What the task requires:
Restate word for word the opening line of the data below and every line after it until the line with "A 4D cartoon", that line too, but not the pictures.

Task data:
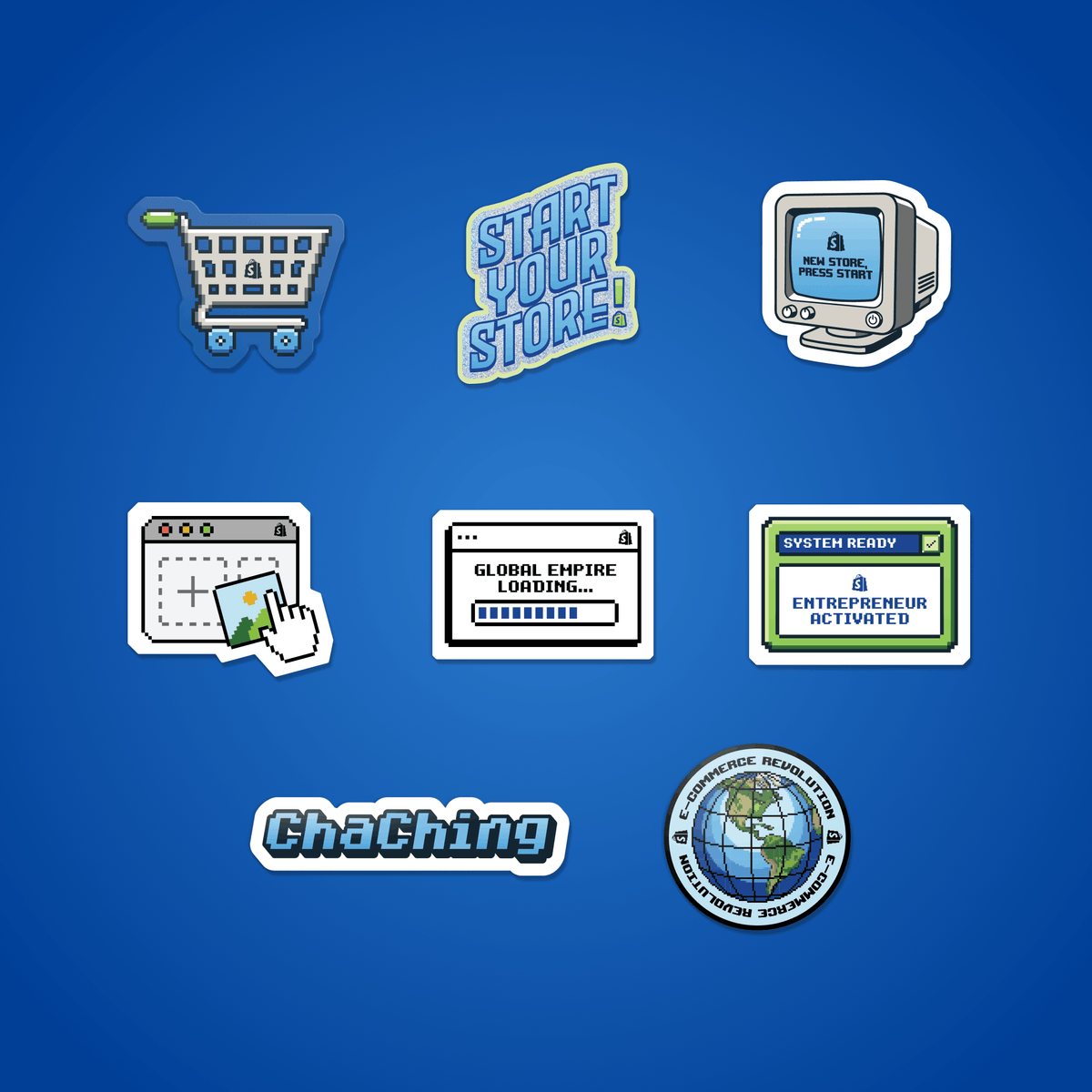 Flash Back Sticker Pack de Shopify Supply, vista 3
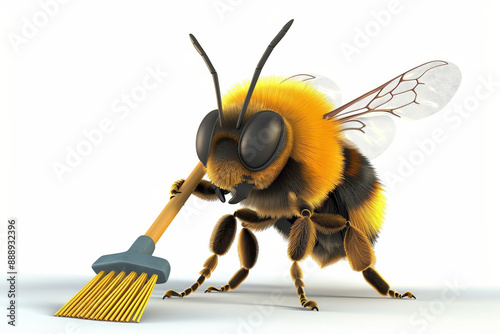 A 4D cartoon bee with a tiny broom cleaning up on  28 31012 bee, insect, macro, isolated, bumblebee, animal, honey, flower, fly, nature, white, yellow, bumble, close-up, wing, black, closeup, bug, wil
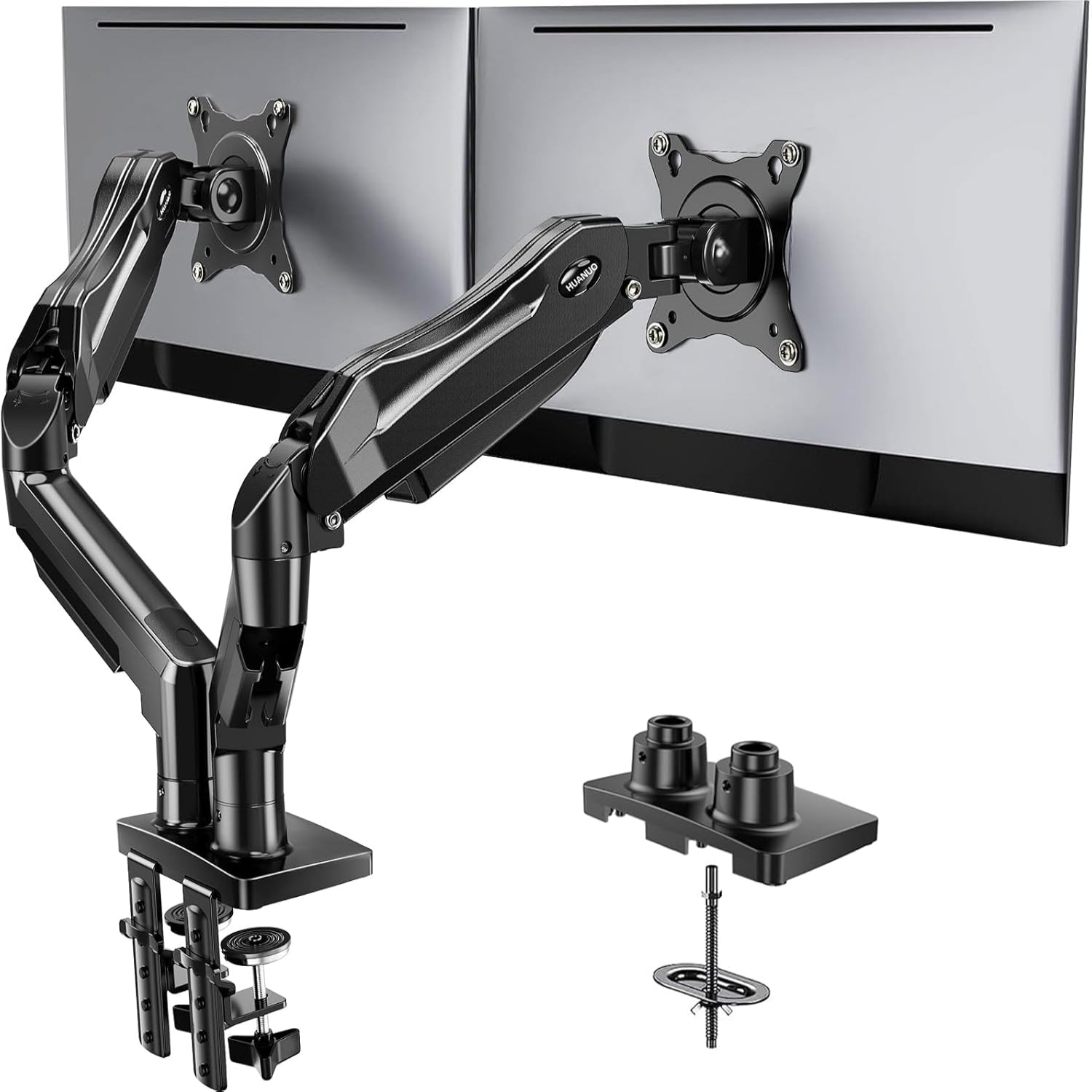 Dual Monitor Mount for 13″–32″ Screens – Adjustable Dual Monitor Stand with Full Motion, Clamp & Grommet Mount
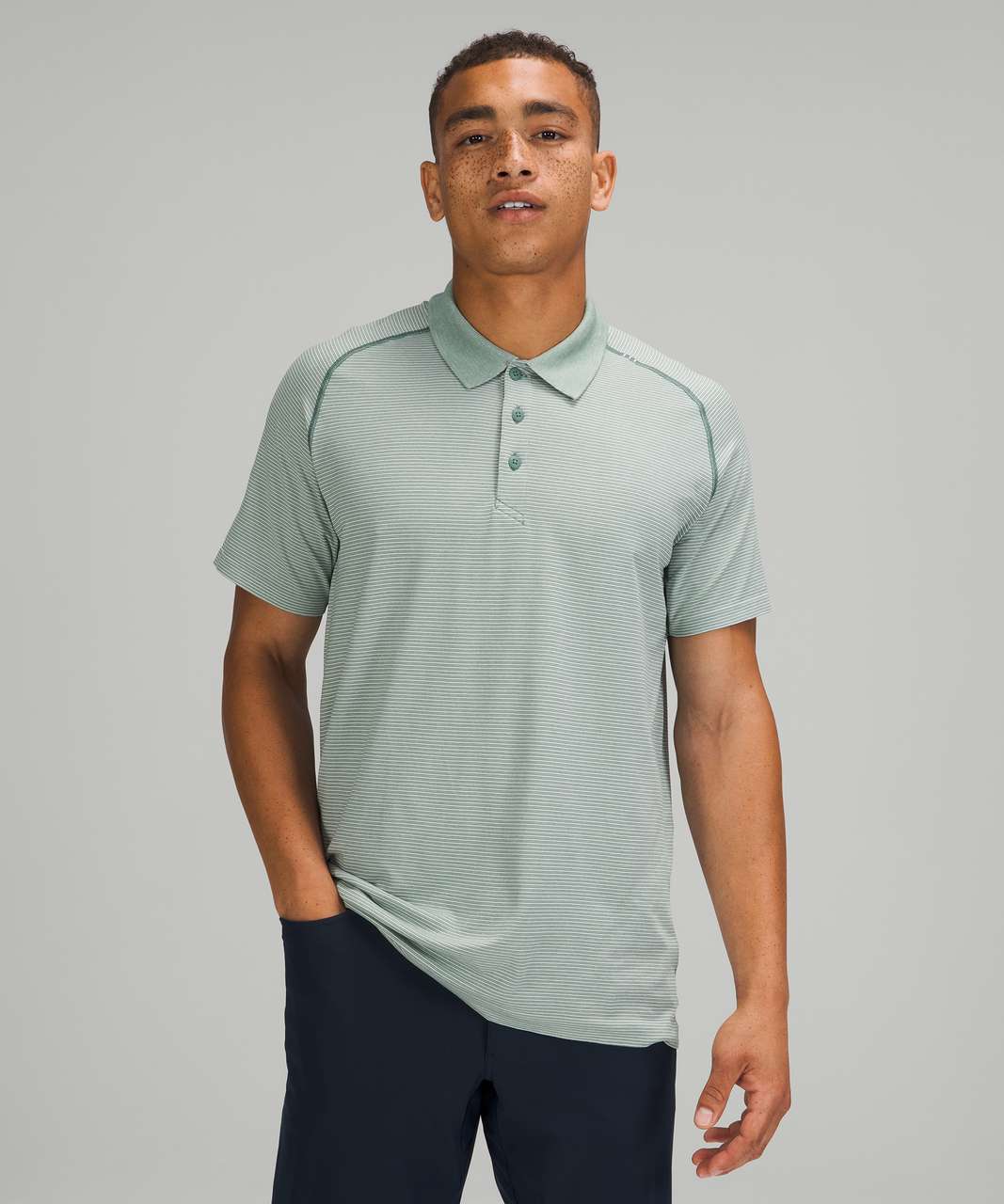 Lululemon Polo Shirts Online Factory Sale - Delicate Mint / Everglade Green  Mens Metal Vent Tech Polo 2.0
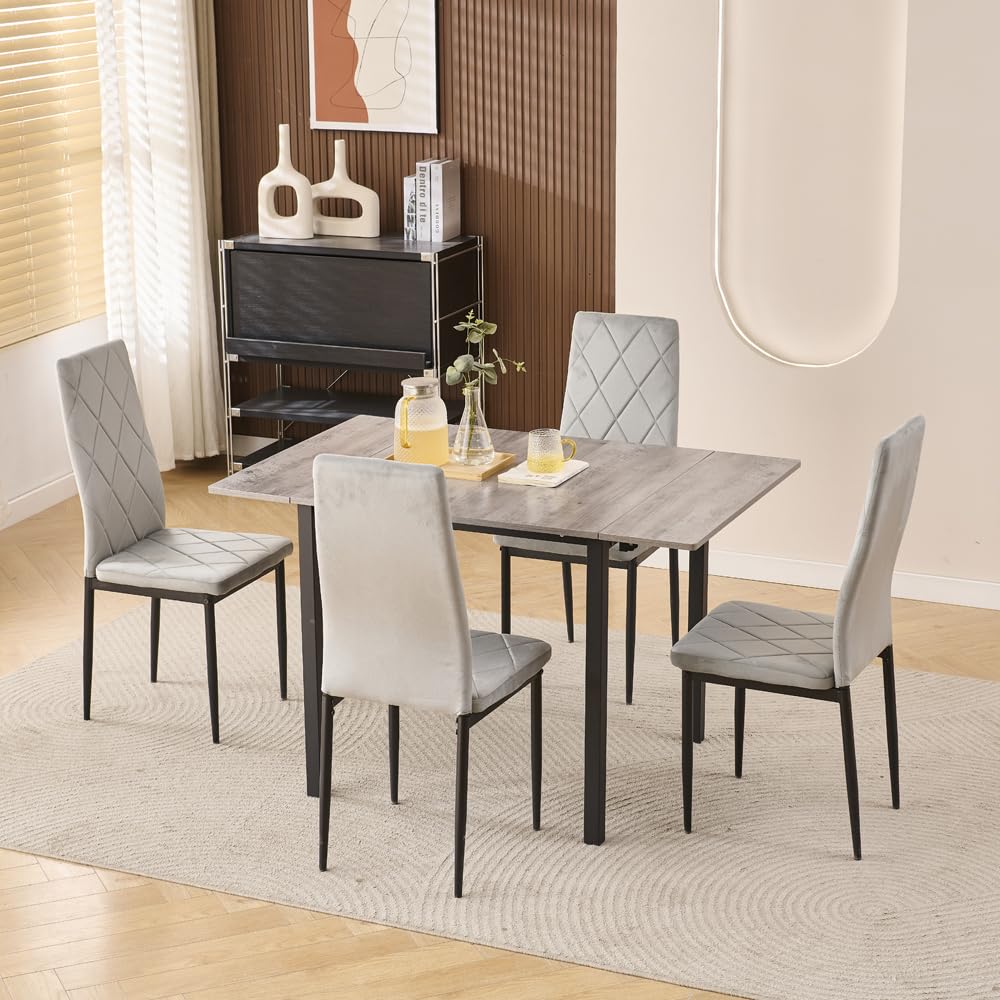 Homullel Drop Leaf Folding Dining Table and Chairs Set 4 Seater Dining Room Dinner Set for Small Spaces, Foldable Small Kitchen Table, Space Saving, Extendable (4 chairs, Flannel Gray #2)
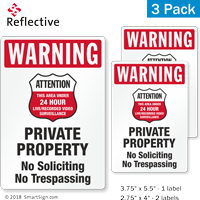 Warning No Trespassing 24 Hour Surveillance Label Set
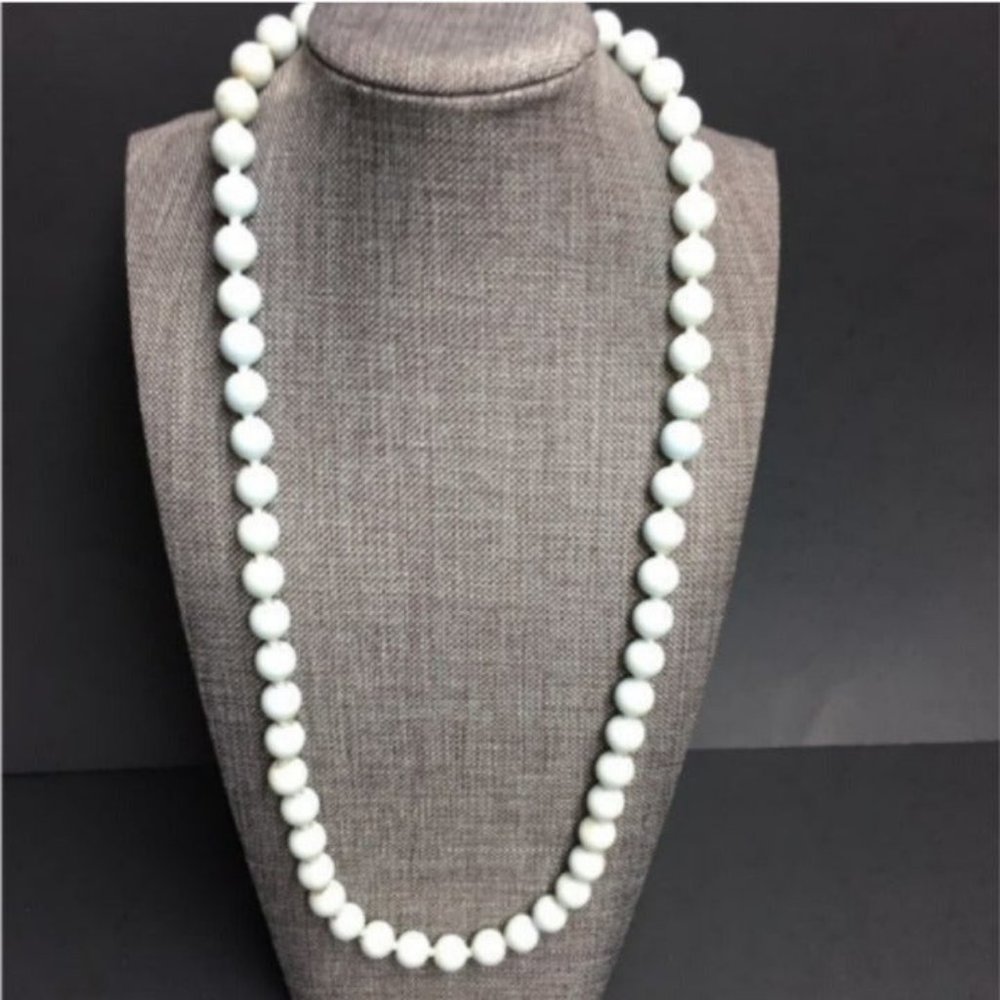 VTG Pop Bead Necklace Pale Baby Blue Round Adjustable Retro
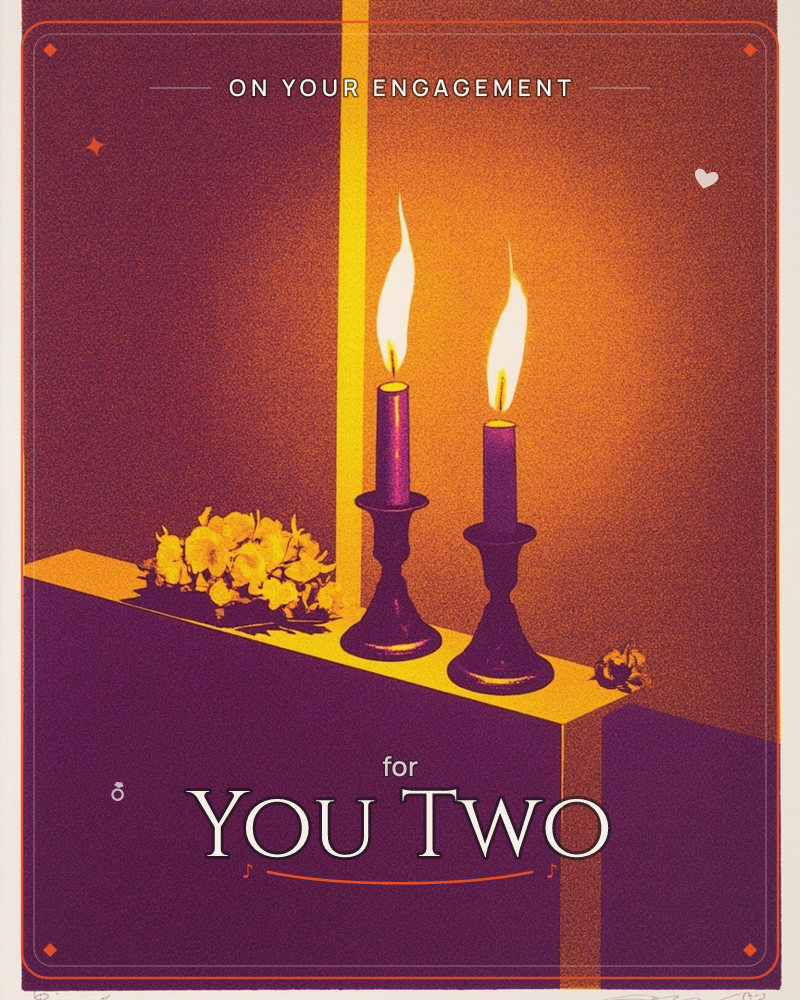 Two lit candles in dark metal candlesticks stand on the edge of a shelf or mantel, their tall flames glowing against a warm amber wall, a engagement e-card design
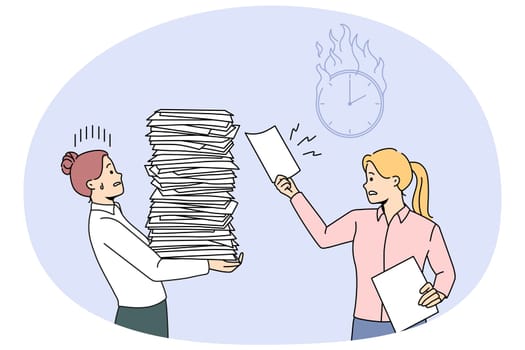 Businesswoman give more work to stressed female employee with stack of papers. Office manager overwhelmed with paperwork. Burnout and fatigue. Vector illustration.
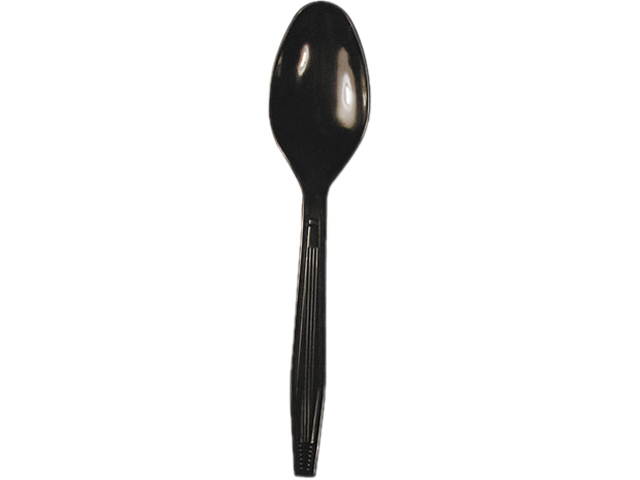 Boardwalk SPOONHWBLA Full Length Polystyrene Cutlery, Teaspoon, Black, 1000/Carton, 1 Carton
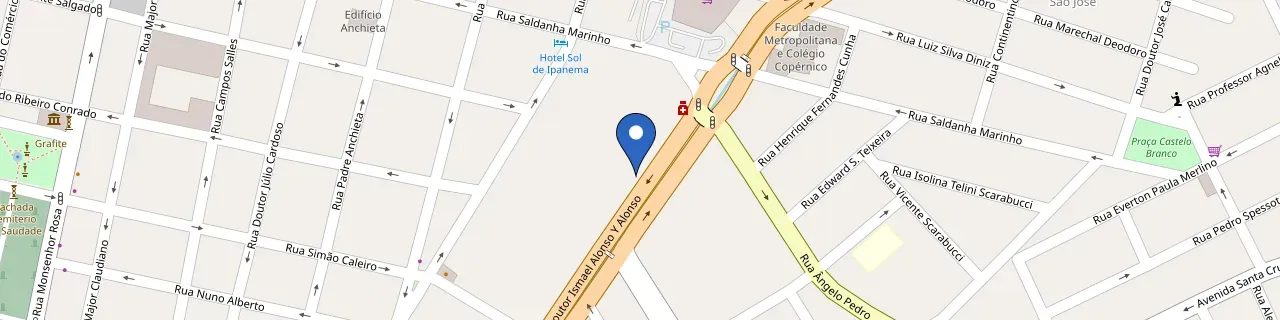 Mapa da estação Eletricar - Madero & Jeronimo - Franca - SP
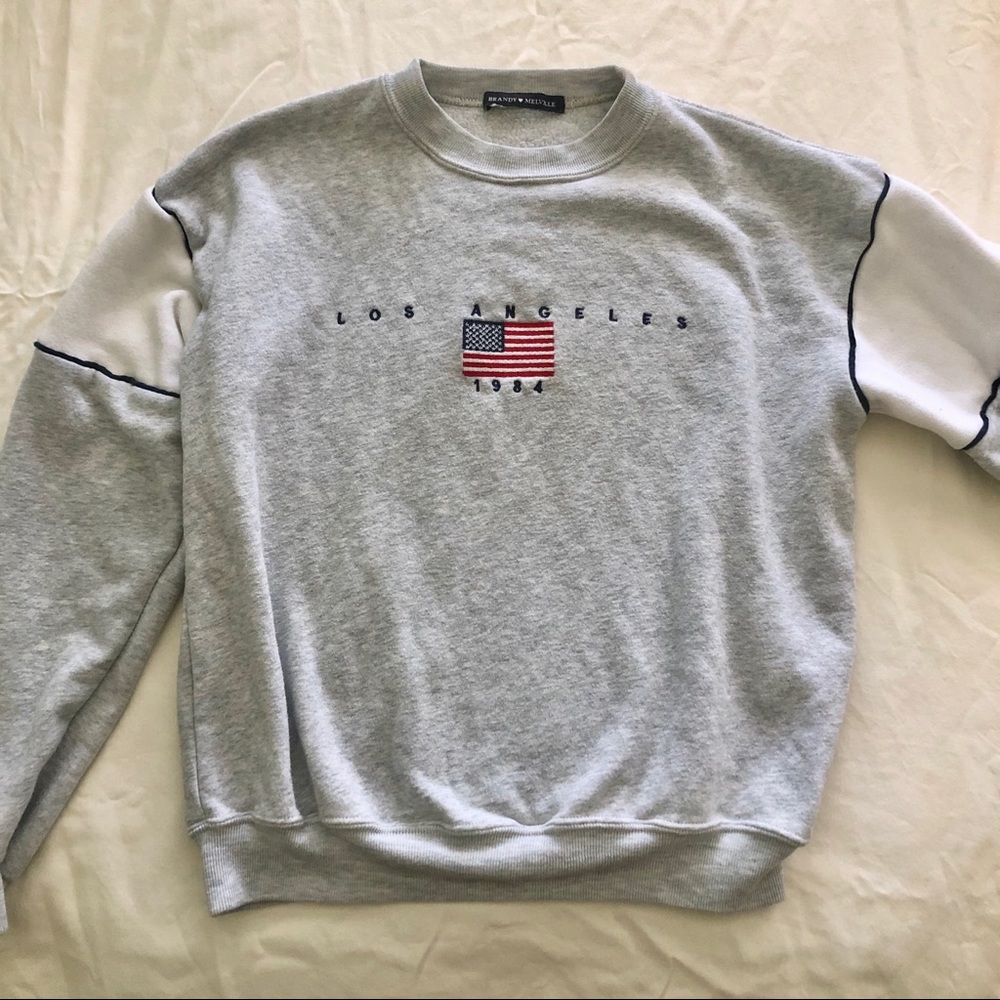 brandy melville cropped embroidered sweater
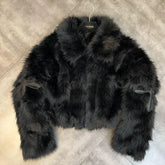 Hearujoy Fur cotton coat winter women's coat lapel long sleeve patch PU cross cotton coat 2024 trendy brand tops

Solution for this exercise:
 Flash Back Sticker Pack de Shopify Supply, vista 3
 A 4D cartoon bee with a tiny broom cleaning up on  28 31012 bee, insect, macro, isolated, bumblebee, animal, honey, flower, fly, nature, white, yellow, bumble, close-up, wing, black, closeup, bug, wil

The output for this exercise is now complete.